PostScriptum. Ницше как воспитатель.
Мне думается, Ницше со всей его критикой в адрес религии, церкви, Германии, современных немцев, современных ему философов и композиторов, прежде всего, следует воспринимать как педагога, учителя или воспитателя (вспомним названия его произведений: «Шопенгауэр как воспитатель», «О пользе и вреде истории для жизни»), который увлекся педагогикой и всю свою жизнь продолжал играть по правилам школы. Так и не съехав с этой колеи.
Критикуемые им социальные институты, этические установки и ценности подвергаются проверке со стороны Ницше именно как такие вот «негодные» учителя, которые не годятся для дела воспитания нового, высшего человечества. В этом смысле церковь не плоха сама по себе, она – плохой учитель для юношества. Если церковь перестанет «совращать» юношей с путей становления великими людьми, если она будет герметическим институтом «только для своих», то церковь уже перестает быть вредной и непременно подлежащей разрушению, или саморазрушению.

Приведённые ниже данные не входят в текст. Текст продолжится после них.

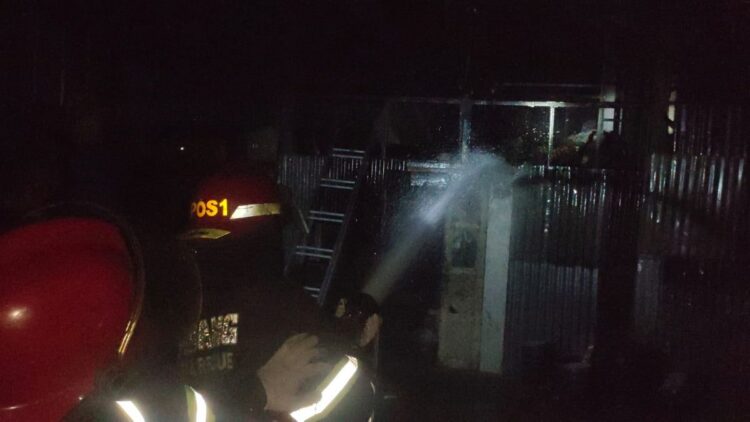 Pesantren di Padang Ini Nyaris jadi Abu usai Dilahap Api 1 Kebakaran satu pondok pesantren di kawasan Durian Tarung, Kecamatan Kuranji pada Kamis (19/1/2023) malam. (Foto: Radarsumbar.com / Dok. Dinas Damkar Padang)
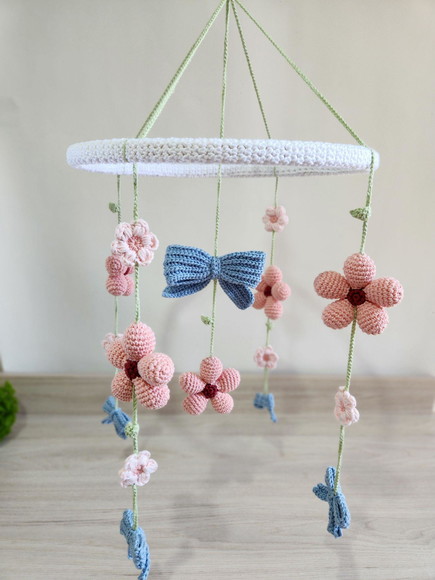 Mobile de Berço Flores e Laços Amigurumi Crochê - Imagem 4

Если же церковь перестанет распространять вредную мораль (заменив ее на полезную мораль высших людей), церковь будет не вредна, а полезна.
Таким образом, Ницше, как добрый учитель, готов простить едва ли не всех своих нерадивых учеников, если они проведут работу над ошибками и исправятся. Будь то церковь, университет, немецкий дух или даже «проклятый Гогенцоллерн» вкупе с Папой Римским, которым он пишет свои последние письма.
Post-Post Scriptum.Туринская лошадь
В контексте ницшевского требования провести работу над ошибками, предъявляемого ко всем современным институтам и процессам, становится ясна проблема сострадания.
Для Ницше человек не заслуживает сострадания именно потому, что он разумен, свободен и способен измениться и исправить ошибки. Если же человек не преодолевает себя, не развивается и не исправляет положение дел, то это его собственная вина.
Только животные заслуживают сострадания у Ницше. Туринская сцена со слезами, которые он пролил, обнимая лошадь, обусловлена неразумностью животных, отсутствием у лошади воли и разума для того, чтобы преодолеть свое угнетенное состояние. Лошадь подковали, взнуздали и опустили шоры ей на глаза. Нет и не будет такой воли, которая вызволила бы бедное животное из-под жгучего кнута бешеного ямщика.